Early in the Civil War, the land that is currently the national cemetery was located outside city limits and was used for Union encampments. With Union troops still occupying the city in 1866, a portion of the new city cemetery was purchased by the government and set aside for military interments.
The government purchased the military plot in Little Rock City Cemetery as two parcels: 9.1 acres in September 1866 and 3.2 acres in April 1868. On April 9, 1868, it was designated a national cemetery with the stated purpose to concentrate remains of Union dead who had been buried throughout Arkansas. By this time, there were 5,425 interments: 3,092 known dead and 2,333 unknowns. In 1868, 1,482 remains removed from area battlefield graves were reinterred here.
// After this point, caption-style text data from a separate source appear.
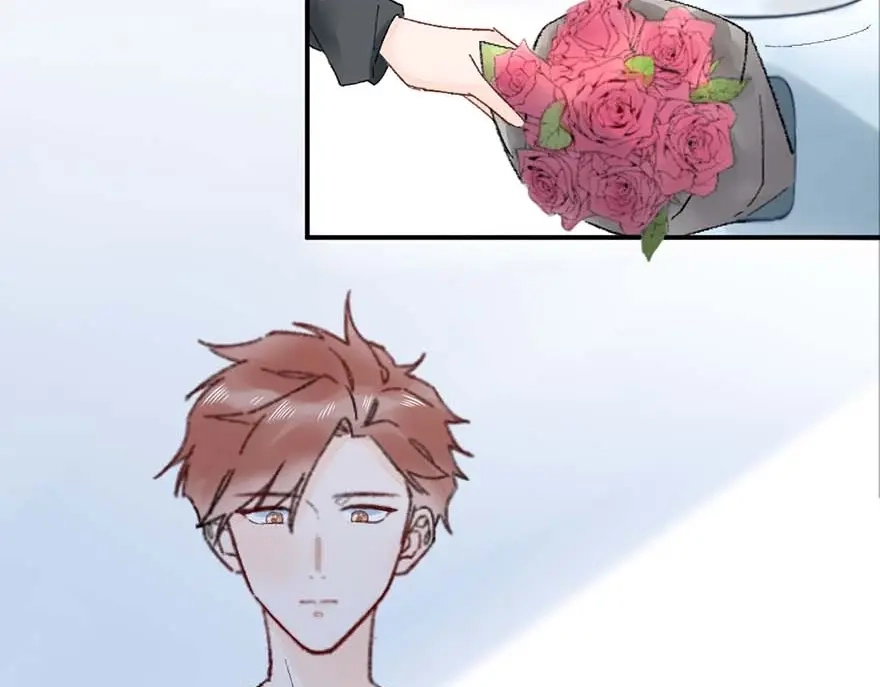 渣男都滚开 04 把全部积蓄拿出来，为了他 第16页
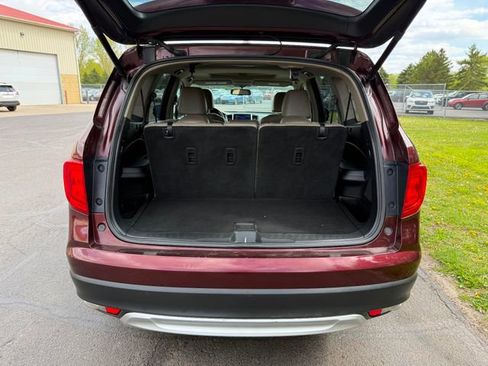 Used 2016 Honda Pilot EX-L image 3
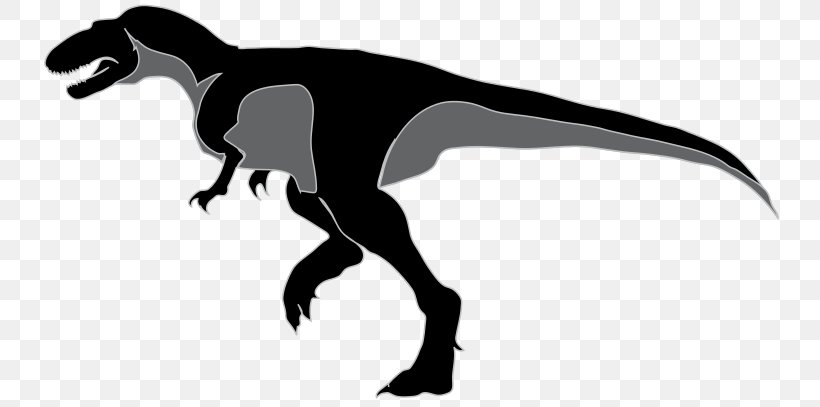 Tyrannosaurus Alectrosaurus Clip Art Dinosaur Openclipart, PNG, 752x407px, Tyrannosaurus, Alectrosaurus, Ankylosauria, Ankylosaurus, Apatosaurus Download Free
In 1884, an 11-acre Confederate cemetery was established adjacent to the national cemetery. The remains of 640 Confederate soldiers were removed from Mt. Holly Cemetery in Little Rock and reburied here. In 1913, Congress authorized the Secretary of War to accept a deed from the City of Little Rock for the Confederate cemetery, with the restriction that only Confederate veterans could be interred on the newly acquired land. In 1938, this restriction was removed and the Confederate cemetery became the Confederate Section of Little Rock National Cemetery.
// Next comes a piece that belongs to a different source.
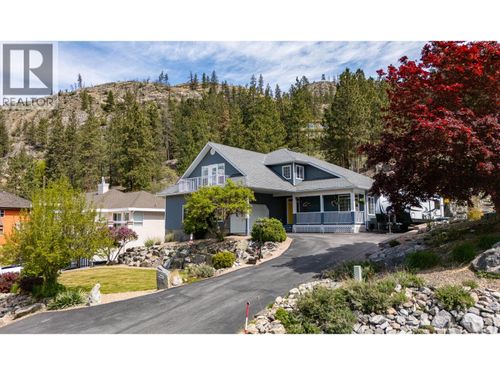 271 Heritage Blvd, Okanagan Falls, BC, V0H1R3 | Card Image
In 1990, the National Expansion Corp. purchased additional land from the adjoining Oakland Fraternal Cemetery and formally donated it to the United States for expansion of the national cemetery. In November 1999, the City of Little Rock donated one additional acre. Little Rock National Cemetery, encompassing a little over 31 acres, was listed on the National Register of Historic Places in 1996.
Monuments and Memorials
The granite and bronze Minnesota Monument was dedicated to 162 Minnesota soldiers who fell in Arkansas during the Civil War. Erected in 1916, it is one of seven Minnesota monuments found in the national cemeteries. The memorialized soldiers were enlisted in the 3rd, 5th, 7th, 9th and 10th Minnesota U.S. Volunteers. The sculptor was John K. Daniels of St. Paul, Minn. Other Minnesota monuments are located at Marion, Ind. (1913); Memphis (1916), Nashville (1920) and Shiloh (1908) Tenn.; Jefferson Barracks, Mo. (1922); and Vicksburg, Miss. (1906-07). Daniels also did the monuments at Nashville and Shiloh national cemeteries.
The marble Confederate Monument was erected in 1884 by trustees of the Mount Holly Cemetery in honor of the 640 Confederate soldiers originally buried in this cemetery and later re-interred in Little Rock National Cemetery. The soldiers died in Arkansas, Missouri, Texas, and Louisiana between1861-1863.
As a significant sculpture of the post-Civil War period (1886-1934) in Arkansas, both monuments were individually listed on the National Register of Historic Places in 1996.